Ouzilly, France – The big news yesterday was that the Fed decided to do about what we expected – not much.
Bloomberg has the report:
Federal Reserve officials decided to reinvest principal payments on mortgage holdings into long-term Treasury securities, making their first attempt to bolster growth since March 2009 to keep the slowing US economy from relapsing into recession.
“The pace of economic recovery is likely to be more modest in the near term than had been anticipated,” the Federal Open Market Committee said in a statement in Washington. “To help support the economic recovery in a context of price stability, the Committee will keep constant the Federal Reserve’s holdings of securities at their current level.” The Fed retained a commitment to keep its benchmark interest rate close to zero for an “extended period.”
With growth weakening in the second quarter and company job gains in July falling short of estimates, today’s step signals that risks of a downturn have increased enough for the Fed to delay its exit from unprecedented stimulus. Chairman Ben S. Bernanke told Congress last month that the Fed was “prepared to take further policy actions as needed.”
The Fed’s last move in favor of easier policy came in March 2009, when policy makers agreed to buy $300 billion of Treasuries and more than double planned mortgage-debt purchases to $1.45 trillion while starting a pledge to keep the benchmark rate close to zero for an “extended period.”
So, the Fed has made another mini-move. And the markets reacted appropriately, in a mini-way. Stocks went down a little – minus 54 on the Dow. Gold went down a bit too – off $4, to bring the price to $1,198.
Barron’s was not wrong. Just early. You’ll recall the newspaper says the Fed will “Print $2 trillion.” Yes, it probably will. But not now…not yet. Not as long as the Treasury can finance federal deficits by borrowing and the stock market hasn’t collapsed.
But the Fed is in a trap of its own making. It doesn’t really understand what is going on.
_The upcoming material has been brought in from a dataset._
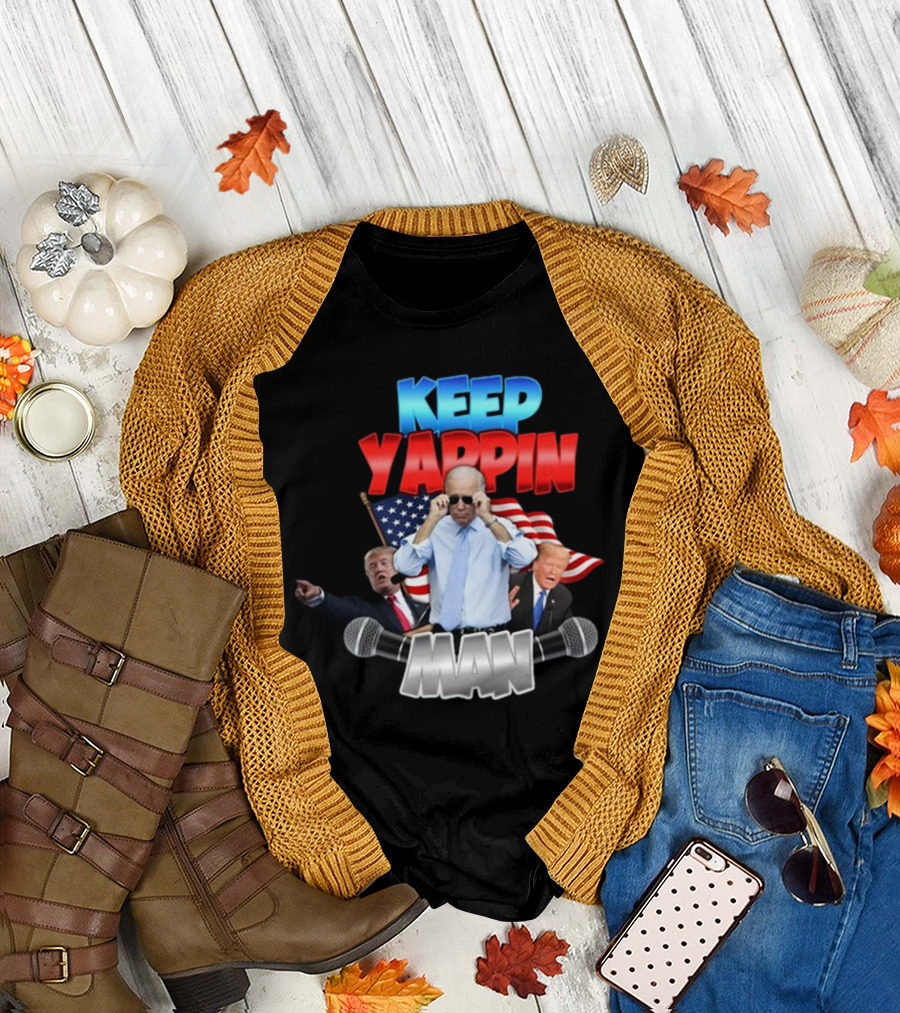 Keep Yappin Man American Flag Microphone Design by Designedbytheboys T-Shirt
It thinks there is a problem in the economy caused by consumers who are unwilling to spend. It believes it should use its policy tools to help pry the money out of their pockets. Trouble is, consumers don’t have any money in their pockets. And if they did have some, they wouldn’t want to spend it.
Of course, the Fed knows this much. But they think that if they can get people spending again, the economy will take off, employment will rise, incomes will go up and everything will be hunky dory again.
They don’t seem to wonder why – if things were so hunky dory in the bubble years – there was a crisis in the first place. Never once have we heard anyone of them – not Bernanke, Summers, or Geithner – explain that the private sector had run up too much debt (largely because of their own economic policies)…and that now it is paying the price.
Instead, they think the economy is sick and that they are all Dr. Schweitzers. The whole thing – meaning, the body of ideas, theories, prejudices, plans and programs of the financial authorities – is really asinine. Which is what is really interesting about this episode in history. So many very smart people have come to believe such absurd things. It’s a marvel. And marvelously entertaining to watch. What will they say and do next?
They don’t have much choice. Their silly ideas drive them into silly positions…from which there is no gracious exit. The economy is correcting from too much debt. They’re determined to stop the correction with the only thing they have to offer – more debt. And funny money, of course.
They’re not stupid, though. They also know that they can’t go too far or they will do even more damage than they’re doing now. So, they’ll save that disastrous step for later…when they’re really desperate. Then, we’ll see them print $2 trillion. Or print $3 trillion. Or more.
In the meantime, it’s “muddle onwards” for the authorities! One misstep after another. Headlong into one trap…then onto the next!